With consumer price growth continuing to be mild and factory prices of industrial products slightly edging up in May, China's inflation remains benign.
National Bureau of Statistics (NBS) data showed Saturday that China's consumer price index, a main gauge of inflation, rose 1.8 percent year-on-year in May.
A resident picks fruits at a supermarket in Fuyang, Anhui Province on June 9, 2018. [Photo: IC]
NBS statistician Sheng Guoqing mainly attributed the rise to carry-over effects, with new price-rising factors contributing only 0.4 percentage points.
Food prices edged up by 0.1 percent, resulting in a growth of 0.01 percentage points in the price index. Non-food prices rose by 2.2 percent, generating a rise of 1.74 percentage points.
Although the prices of eggs and vegetables and mutton surged by 24.7 percent, 10 percent and 13.5 percent, respectively, the price hikes have been largely offset by the decline in fruit and pork prices, according to Sheng.
In May, the price of pork and fruit dropped by 16.7 percent and 2.7 percent, respectively, dragging down food prices by 0.48 percentage points.
As for non-food prices, the costs of health care products grew by 5.1 percent while that of education and housing jumped by 2.7 percent and 2.2 percent, respectively.
On a month-on-month basis, consumer prices fell by 0.2 percent, following the same decline in April.
The CPI breakdown showed that lower food price were still the main factor in the decline, with non-food price inflation staying largely flat.
As domestic retail oil prices rose notably in May, the prices of gasoline and diesel grew by 3.7 percent and 4.1 percent, respectively. Meanwhile, health care, clothing, household items and residence all recorded moderate pick-ups.
Liu Xuezhi, a senior researcher with the Bank of Communications, said the core CPI excluding food and energy edged down to 1.9 percent in May from 2.0 percent in April, the same as the January figure and the lowest in nearly 15 months.
"Real inflation has been mild, and there is no obvious inflationary pressure thanks to the performance of the core CPI and weak new price-rising factors," Liu said.
In May, the producer price index (PPI), a measure of industrial product inflation, rose by 4.1-percent year on year, the highest growth in four months.
The PPI also increased by 0.4 percent month-on-month in May, reversing the decline since February, as factory prices of production materials rose.
In May, the factory prices of production materials edged up by 0.5-percent month on month, compared to a decline of 0.2 percent in April. In February and March, the declines were 0.1 percent and 0.2 percent, respectively.

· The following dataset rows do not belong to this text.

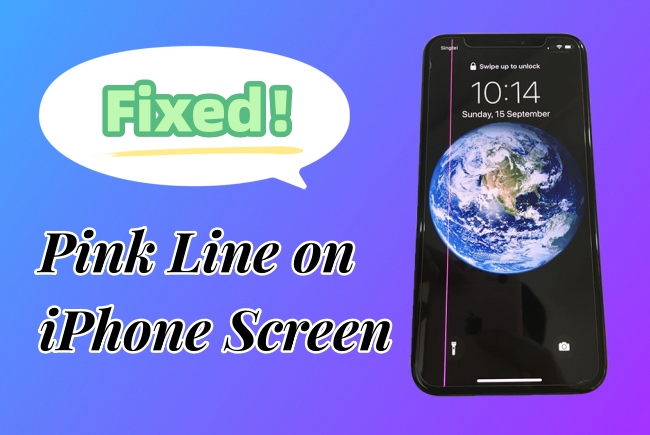 vertical lines on iphone screen reddit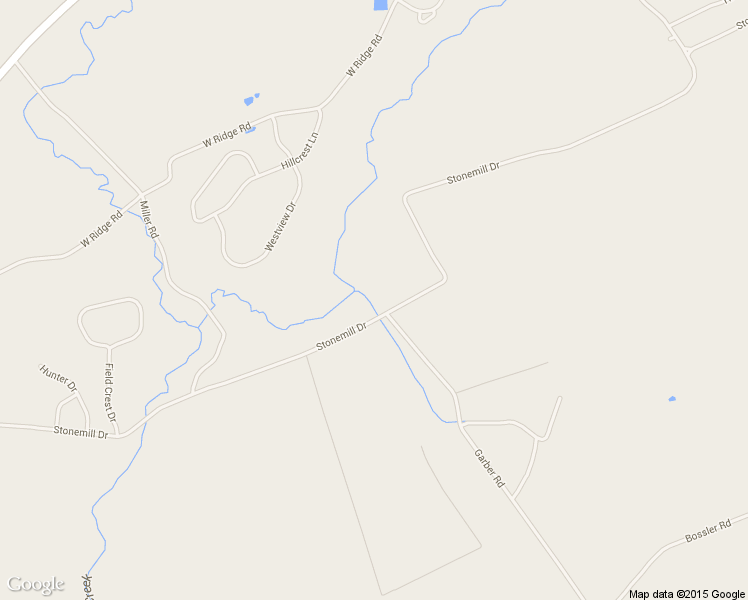 map of restaurants, bars, coffee shops, grocery stores, and more near 997 Stonemill Drive in Elizabethtown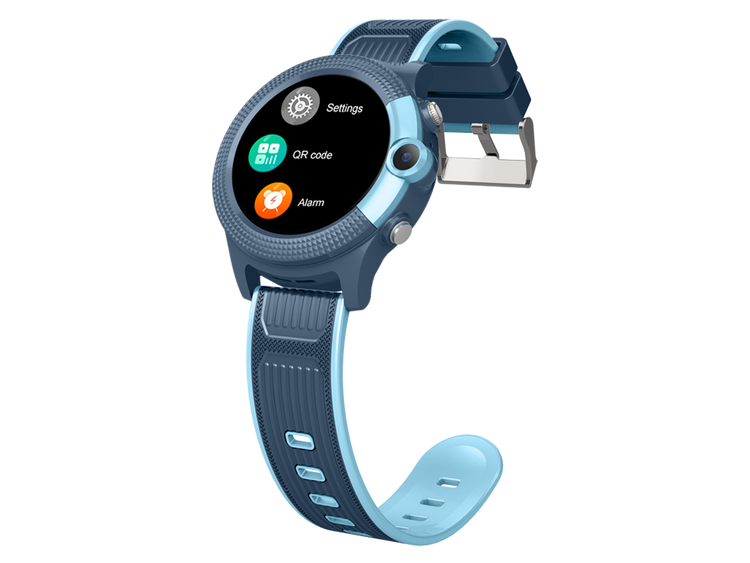 Montre connectée enfant GPS 4G - Edition Atlas - Bleue, Application  SeTracker ou SeTracker2,, Application  SeTracker ou SeTracker2,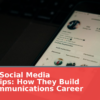 Remote Social Media Internships: How They Build Your Communications Career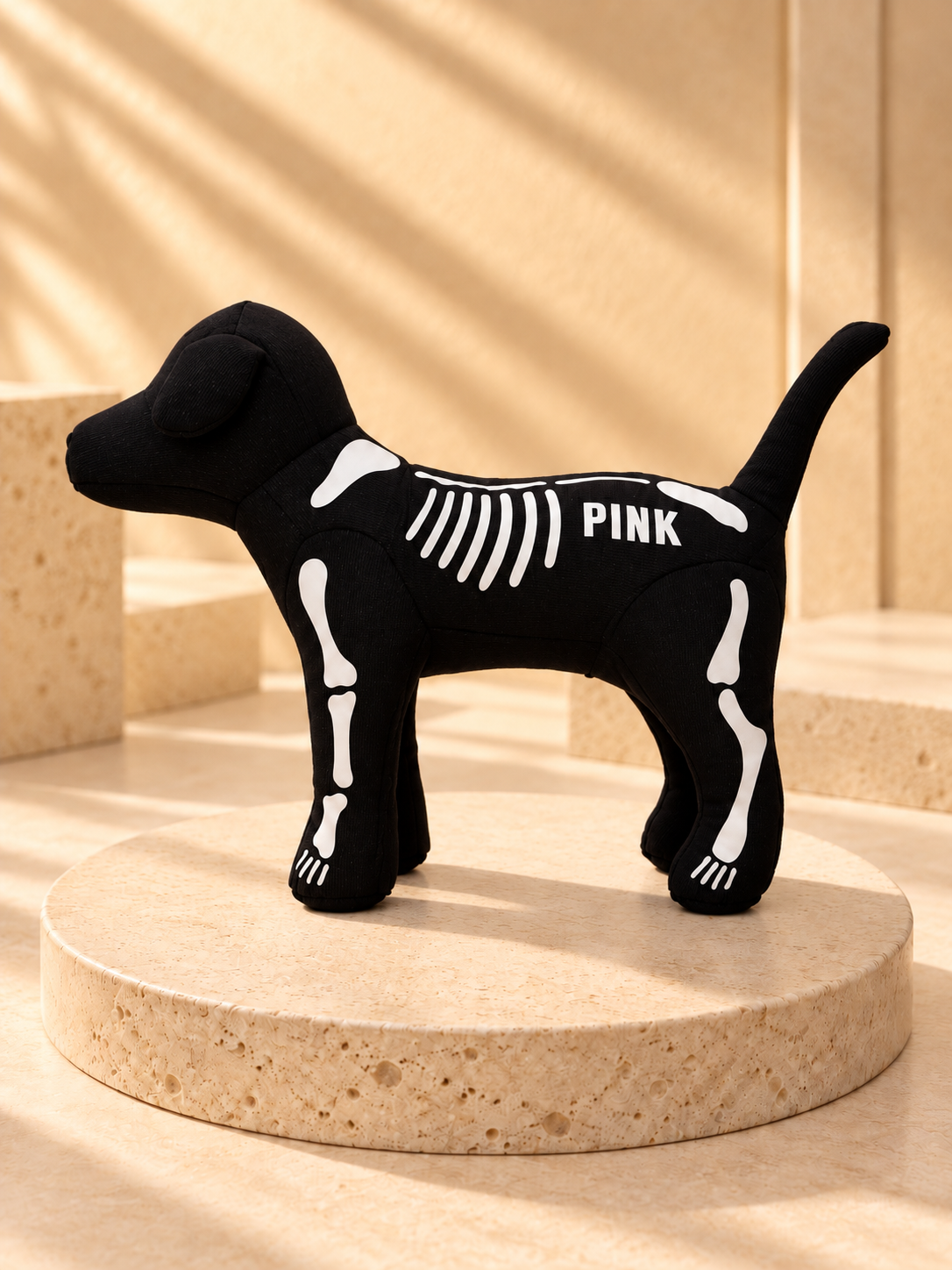 Perrito PINK edición Halloween - Coleccionista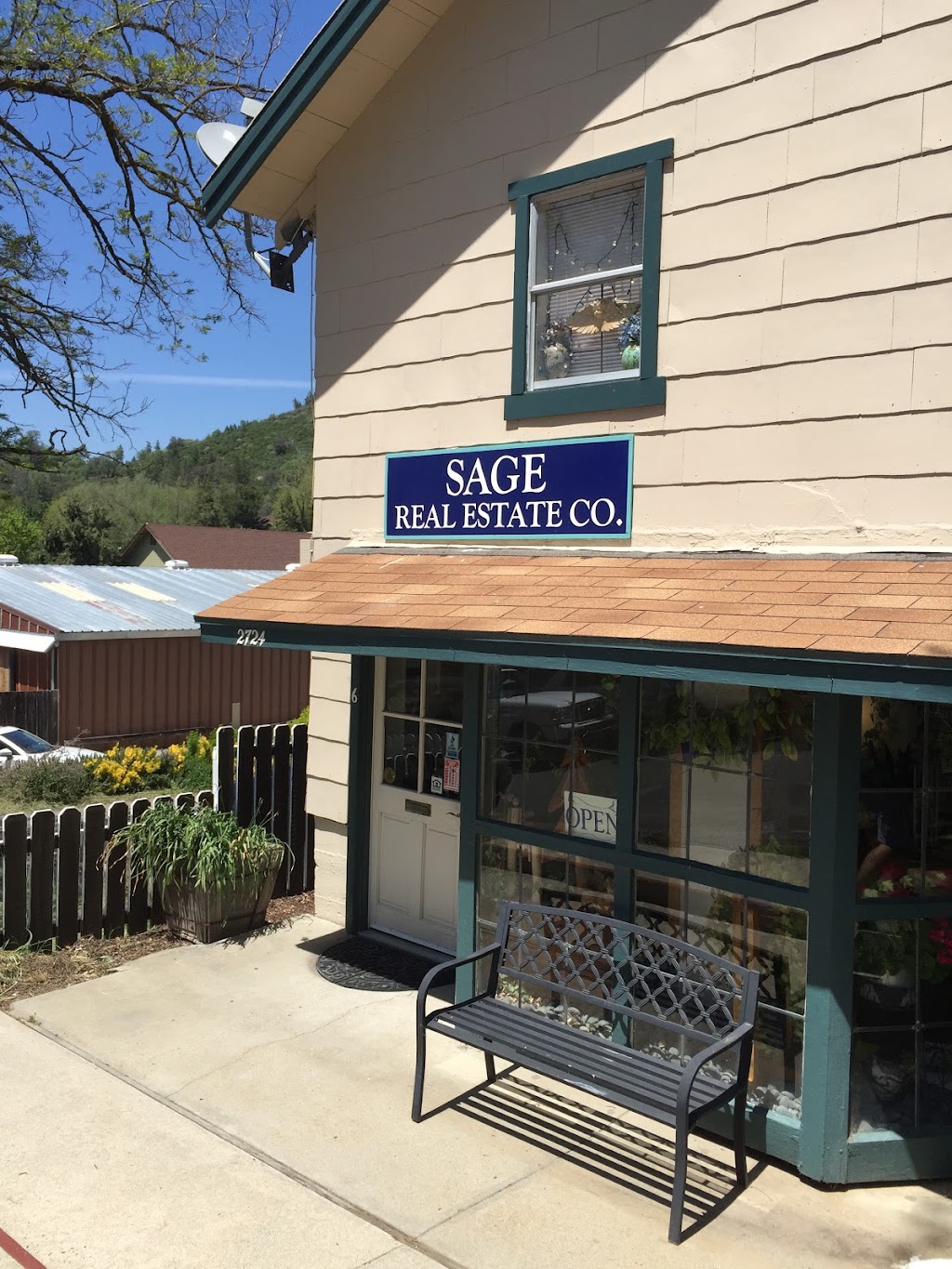 Sage Real Estate Co | 1934 Main St, Julian, CA 92036, USA | Phone: (760) 765-1776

Sheng said that of the 40 industrial sectors polled, 25 sectors posted higher prices in May, 13 more than in April.
Oil and gas extraction as well as fuel processing have both seen factory prices grow faster as a result of price hikes in the international crude oil market.
Strong demand for steel also lifted up the factory prices related to black-metal smelting, rolling and processing.
The three sectors contributed a rise of 0.3 percentage points to PPI growth, accounting for 75 percent of the index's chain growth, Sheng said.
A separate report from the CICC released on Saturday said that the core CPI remained benign in the past few months, while the food CPI would normalize gradually but stay relatively low in the short term.
"On the other hand, the PPI is likely to stay around 3 percent as commodity prices began consolidating recently," it said.
Analysts said that the fading inflation momentum was opening more room for marginal policy fine-tuning to anchor growth expectations.
The recent expansion of collateral for the medium-term lending facility by the People's Bank of China to lower the funding costs of small and medium-sized enterprises has been taken as an early sign of such adjustments.
On Wednesday, the World Bank upgraded its forecast for China's economic growth in 2018 to 6.5 percent, 0.1 percentage point higher than its January forecast. But the growth is estimated to edge down to 6.3 percent in 2019, as regulatory and macroprudential policies are expected to tighten and fiscal policy is anticipated to become less accommodative.
Looking to the future, Liu said that China's CPI will not rebound significantly in the future unless there is a surge in domestic demand.
"With industrial profits continuing to grow and the quickening of industrial production, industrial product inflation is likely to grow faster," said he. "The scissors difference between CPI and PPI will remain in the months to come."